» Task requirements
Starting with the line where "Enhance Learning and Visitor Engagement" appears, print every line through the end of the entries below exactly as it stands, and leave out the pictures.
- - - - - - -
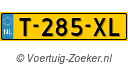 T285XL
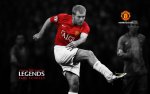 redarmyfc20111022_Sat14812_Legends_PaulScholes2.jpg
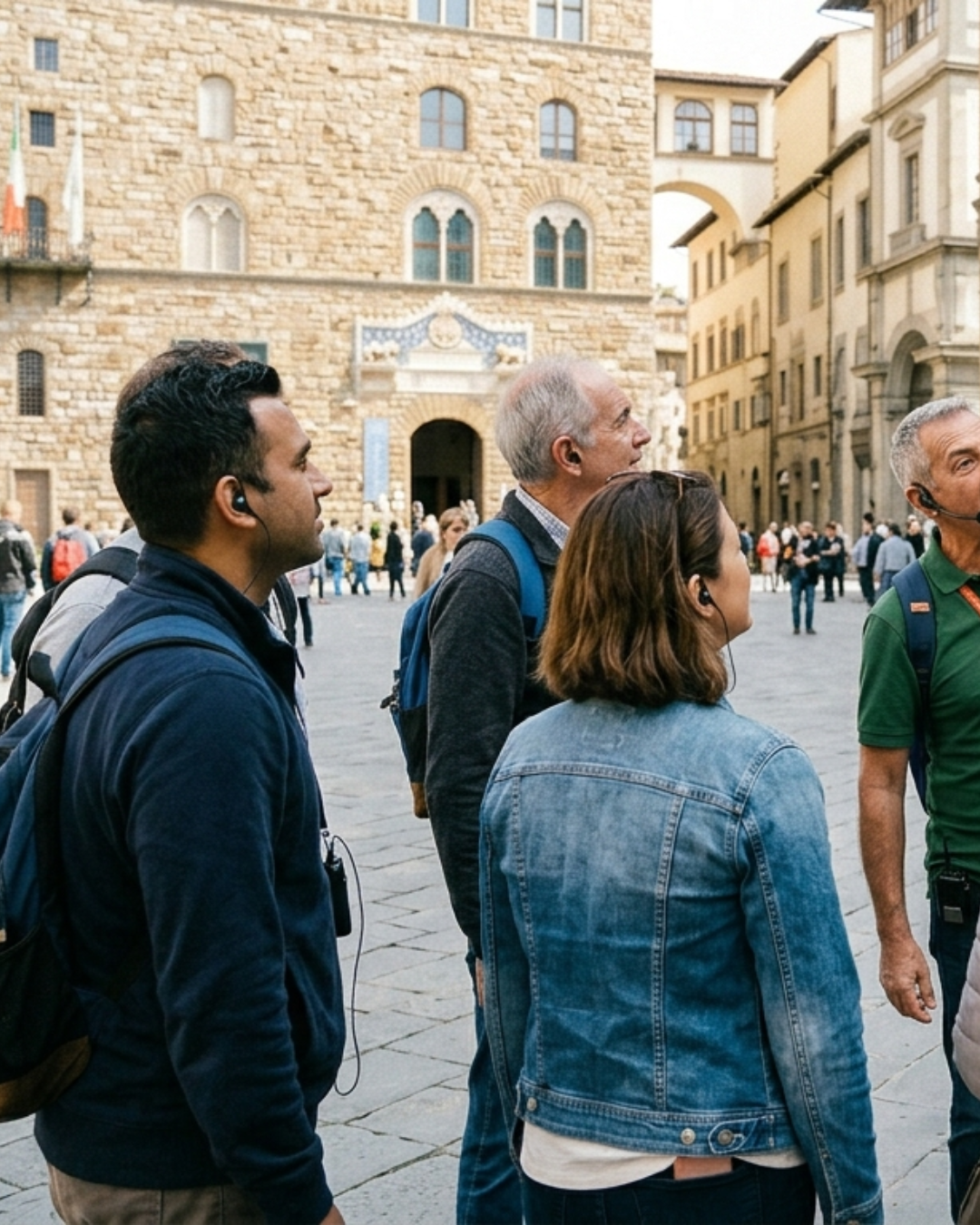 Enhance Learning and Visitor Engagement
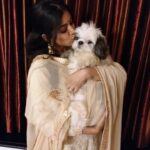 Ishita Dutta Instagram – Happy Birthday my hafuuzu 
I love u so so much ❤️❤️❤️

@iamhappydutta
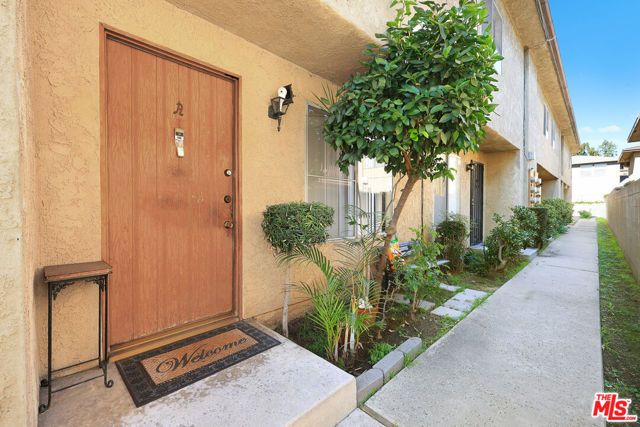 15 E Beacon Street, Alhambra, CA 91801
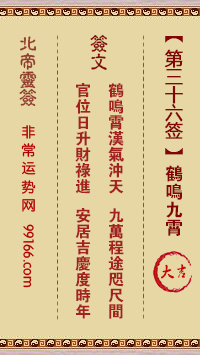 ǩ ʮǩ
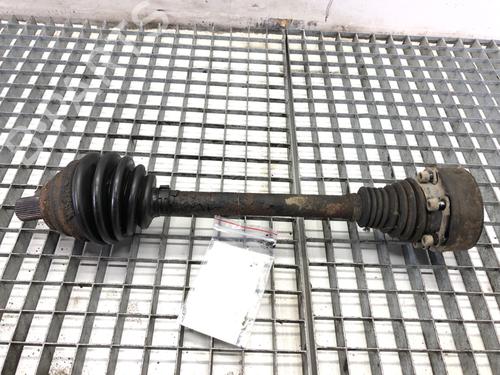 left-front-driveshaft-vw-golf-v-1k1-2003-2004-2005-2006-2007-2008-2009-2010-39313076 main image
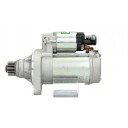 Starter BV PSH 300.913.132.050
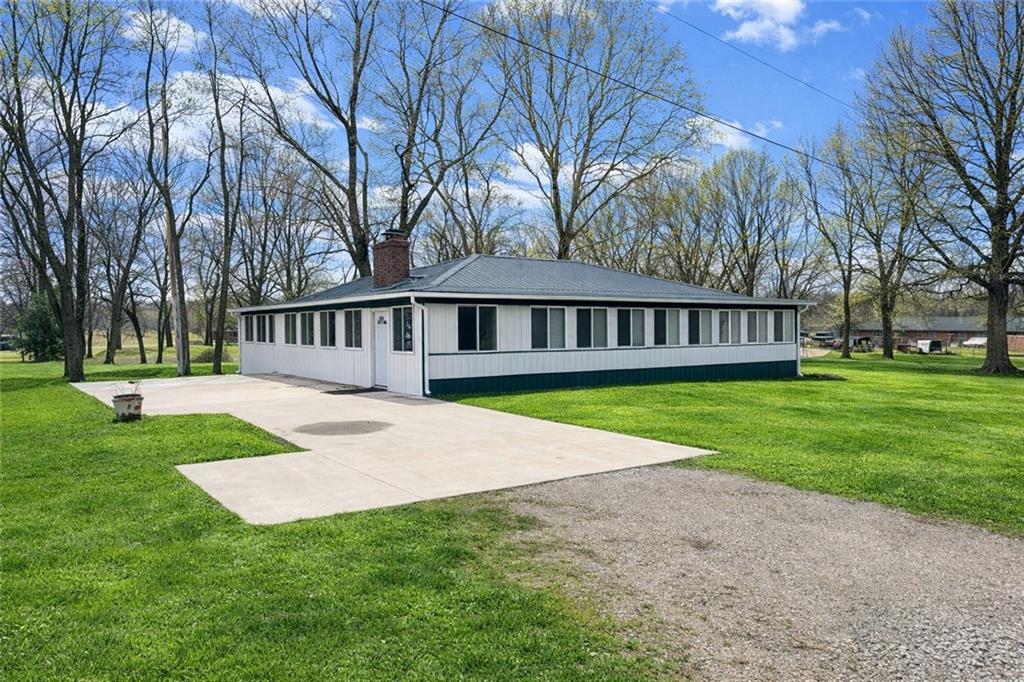 Listing Photo MLS #HMS2604891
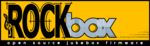 Logo Rockbox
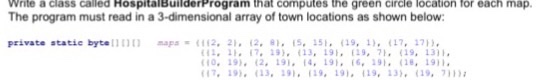 19}, {13, 19}, {19, 7}, {19, 13}}, {{0, 19}, {2, 19}, {4,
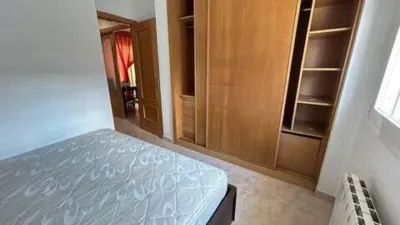 Apartment in Casco Antiguo Norte photo 11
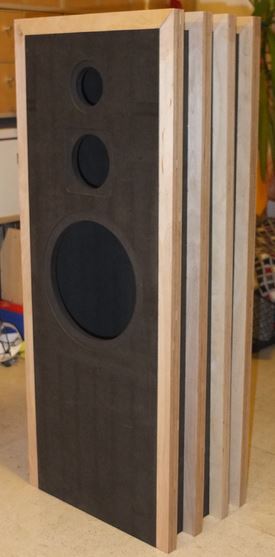 2015 02 19 22 12 40 DSCF2822   Offtopic   Hifi Forum De Bildergalerie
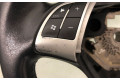 Руль Fiat Punto (199)  2005 - 2018 года 07355119980, 07355119980      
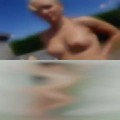 Hot girls Fairmont naked
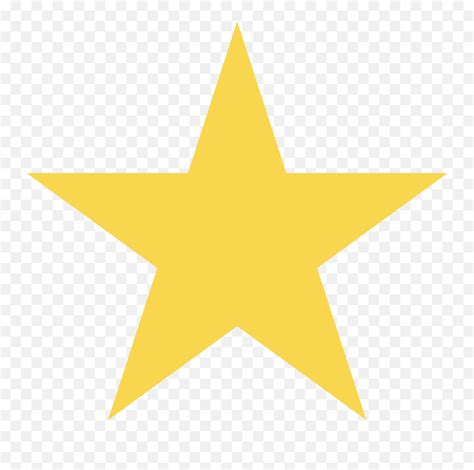 The alt key can help you in accessing the alt characters or codes that are not readily available on a simple keyboard. 5 Gold Star Transparent Png Clipart Free Download - Stars ...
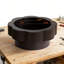 Table basse 31,50 "-601086104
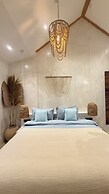 Cape Beach Villa Koh Samui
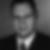 Profilbild von Steffen Loechel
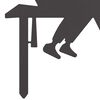 Product Thumbnail Image 4 of 6
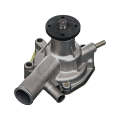 Water Pump*Nwp8005 W17258 - Wpt5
- - - - - - -
» Worked solution
 Enhance Learning and Visitor Engagement
 Ishita Dutta Instagram – Happy Birthday my hafuuzu 
I love u so so much ❤️❤️❤️

@iamhappydutta
 15 E Beacon Street, Alhambra, CA 91801
 ǩ ʮǩ
 left-front-driveshaft-vw-golf-v-1k1-2003-2004-2005-2006-2007-2008-2009-2010-39313076 main image
 Starter BV PSH 300.913.132.050
 Listing Photo MLS #HMS2604891
 Logo Rockbox
 19}, {13, 19}, {19, 7}, {19, 13}}, {{0, 19}, {2, 19}, {4,
 Apartment in Casco Antiguo Norte photo 11
 2015 02 19 22 12 40 DSCF2822   Offtopic   Hifi Forum De Bildergalerie
 Руль Fiat Punto (199)  2005 - 2018 года 07355119980, 07355119980      
 Hot girls Fairmont naked
 The alt key can help you in accessing the alt characters or codes that are not readily available on a simple keyboard. 5 Gold Star Transparent Png Clipart Free Download - Stars ...
 Table basse 31,50 "-601086104
 Cape Beach Villa Koh Samui
 Profilbild von Steffen Loechel
 Product Thumbnail Image 4 of 6
 Water Pump*Nwp8005 W17258 - Wpt5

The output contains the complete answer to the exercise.